> [What the task asks]:
Down to the last line, retype the records below exactly and skip the pictures.

---------- Exercise input ----------

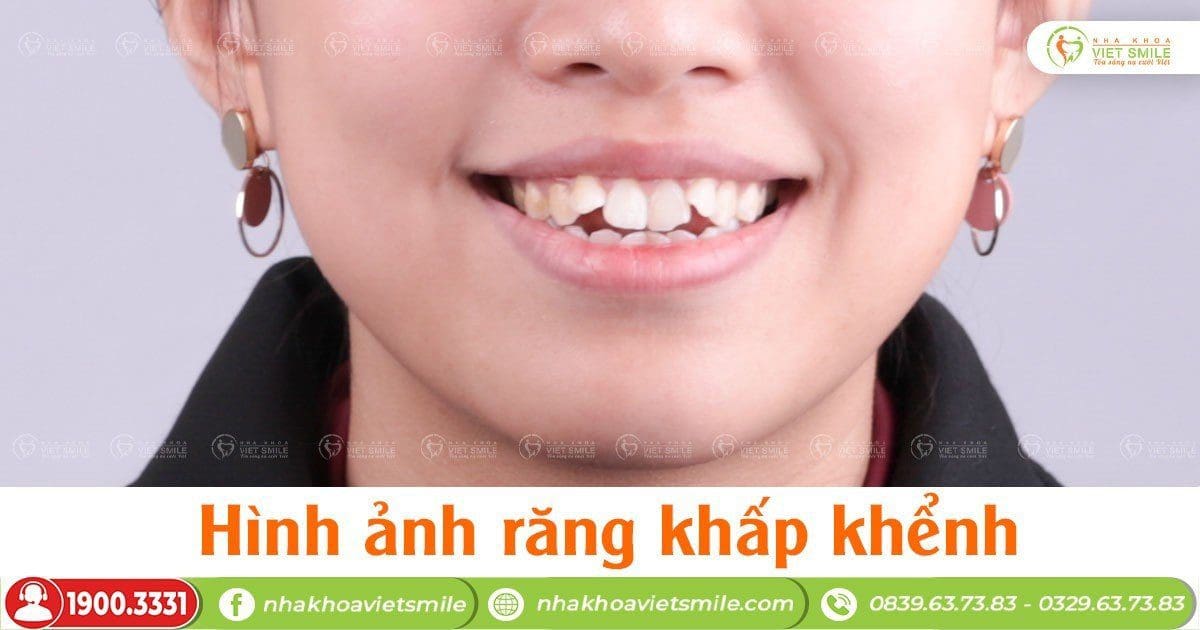 Răng khểnh gây mất thẩm mỹ thì nên niềng răng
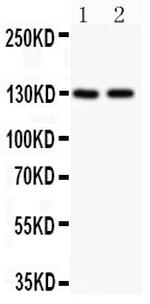 TSC1 Polyclonal Antibody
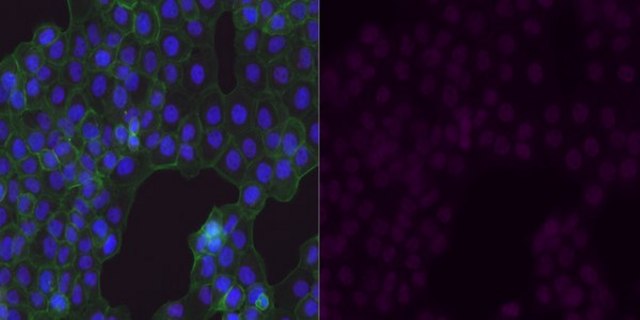 Anti-GLUT-1 Antibody, CT, Alexa Fluor&#8482; 647 Conjugate from rabbit, ALEXA FLUOR&#8482; 647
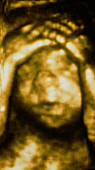 Coloured 3-D ultrasound scan: foetus holding head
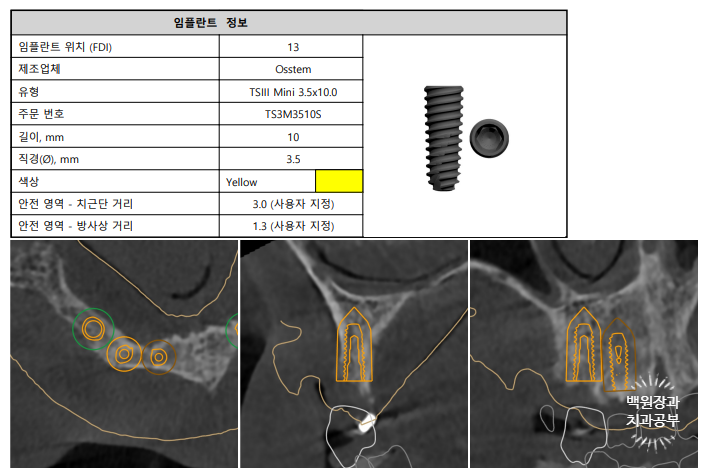 만성치주염으로 인해 아주 좁아진 잇몸뼈에 광범위한 뼈이식 + 전체임플란트. 신사 레브치과. 관련 이미지 14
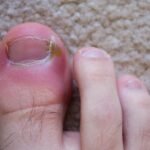 How to Tell if you Have an Ingrown Toenail?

----------

> [Problem solution]:
 Răng khểnh gây mất thẩm mỹ thì nên niềng răng
 TSC1 Polyclonal Antibody
 Anti-GLUT-1 Antibody, CT, Alexa Fluor&#8482; 647 Conjugate from rabbit, ALEXA FLUOR&#8482; 647
 Coloured 3-D ultrasound scan: foetus holding head
 만성치주염으로 인해 아주 좁아진 잇몸뼈에 광범위한 뼈이식 + 전체임플란트. 신사 레브치과. 관련 이미지 14
 How to Tell if you Have an Ingrown Toenail?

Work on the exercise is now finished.